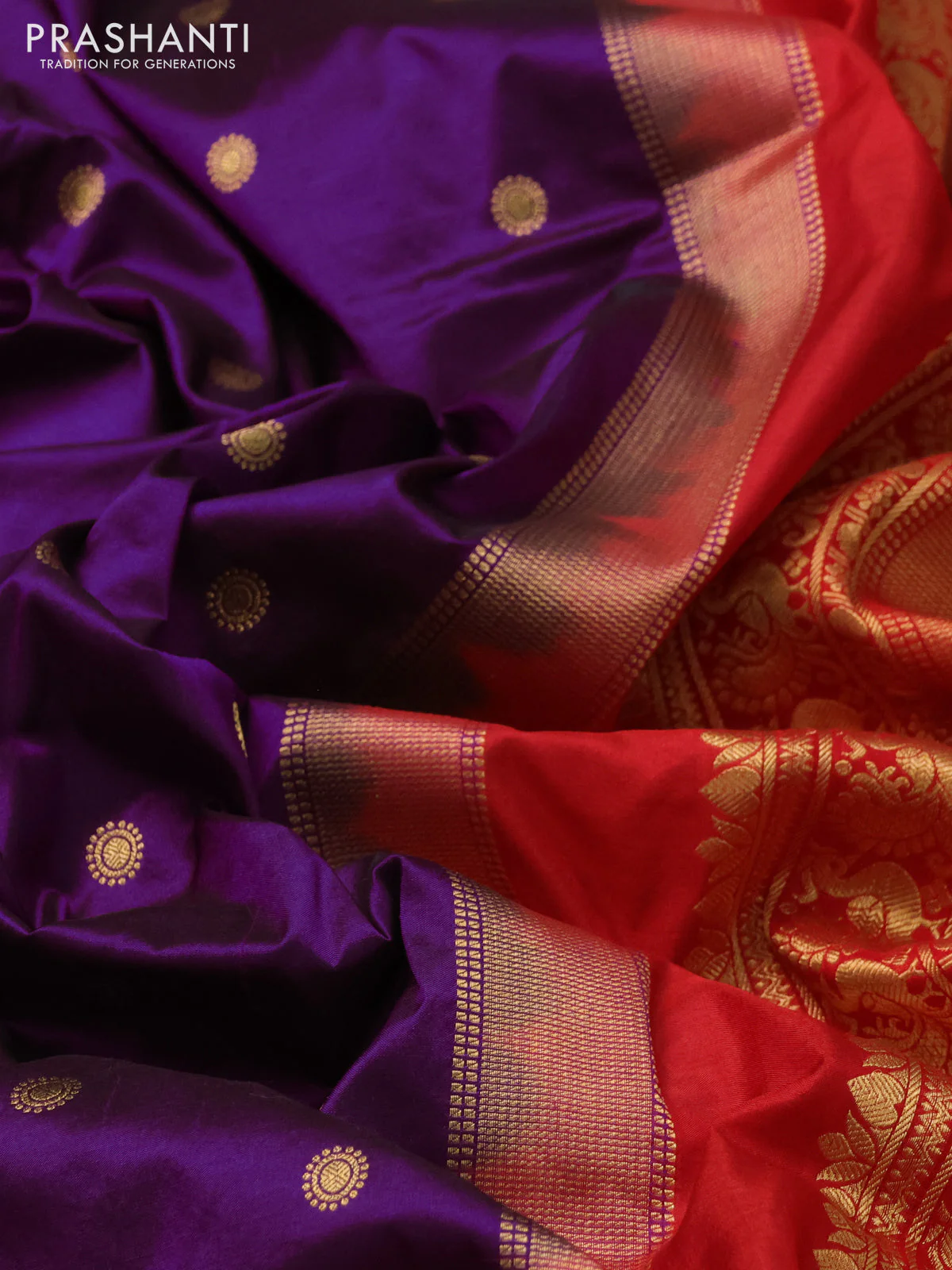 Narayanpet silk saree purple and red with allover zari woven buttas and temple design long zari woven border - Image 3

==

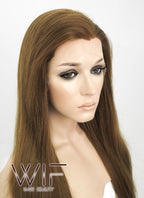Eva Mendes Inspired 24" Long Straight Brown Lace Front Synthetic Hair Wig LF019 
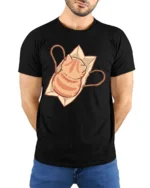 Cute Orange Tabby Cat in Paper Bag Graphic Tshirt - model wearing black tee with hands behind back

» YOUR GOAL:
Repeat exactly, and only, the entries from the line with "Eva Mendes Inspired" through the line with "Cute Orange Tabby". Pictures are skipped.

» ANSWER SPACE:
Eva Mendes Inspired 24" Long Straight Brown Lace Front Synthetic Hair Wig LF019 
 Cute Orange Tabby Cat in Paper Bag Graphic Tshirt - model wearing black tee with hands behind back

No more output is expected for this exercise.